This paper addresses document set optimization with diversity constraints, a fundamental problem in information retrieval where existing greedy approaches (MMR, DPPs) suffer from myopic decision-making. We propose NG-DivRL, a novel reinforcement learning framework that formulates the problem as a Markov Decision Process with a submodular diversity-aware reward shaping mechanism. Using an actor-critic architecture with set-to-sequence encoding, our method learns to optimize for final set quality rather than locally optimal choices.
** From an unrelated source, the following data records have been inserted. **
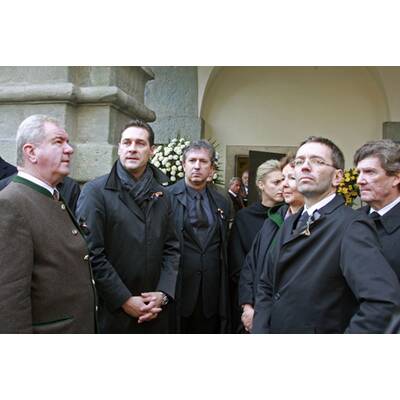 Politik und Prominenz trauern um Haider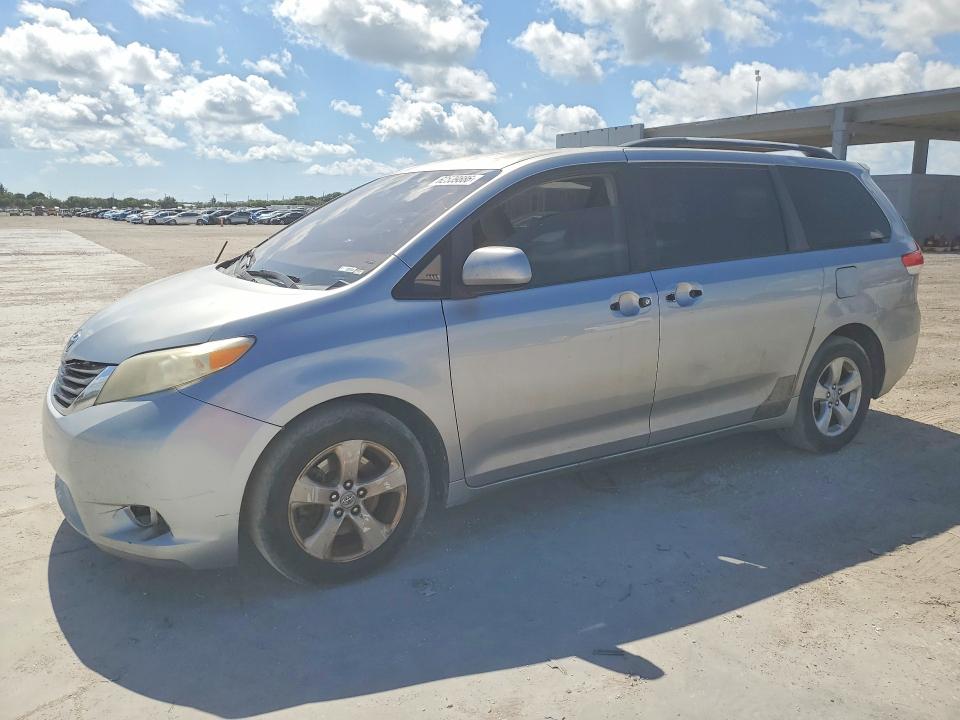 2011 Toyota Sienna მანქანა იყიდება აუქციონზე, vin: 5TDKK3DC3BS005086, აუქციონის ნომერი: 62539886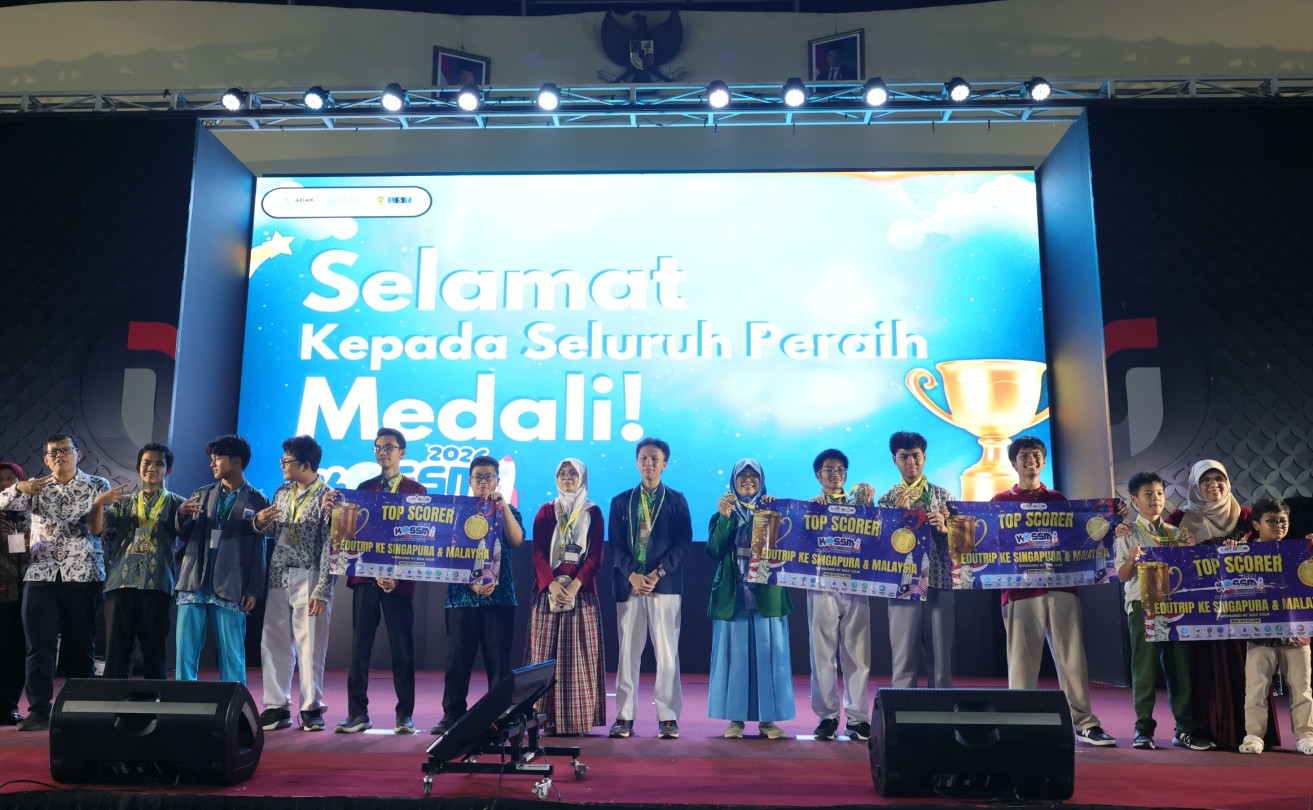 ---
Sekolah Unggulan Kuasai Medali di KOSSMI 2026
Empirical evaluation on TREC diversity benchmarks demonstrates 12-18% gains in α-NDCG and 15-22% improvements in subtopic coverage over greedy baselines.
Key findings
NG-DivRL achieves 12-18% improvements in α-NDCG and 15-22% better subtopic coverage compared to greedy baselines (MMR, DPPs) on TREC diversity benchmarks.
The MDP formulation with novel state representation enables non-greedy decisions that consider future diversity contributions rather than just immediate marginal gains.
Submodular diversity-aware reward shaping provides dense training signals while preserving theoretical approximation guarantees for the learned policy.
Set-to-sequence encoding combined with actor-critic architecture effectively handles variable-size document collections and complex interactions between documents.
This represents the first end-to-end learned approach that directly optimizes for set-level diversity without relying on greedy approximation.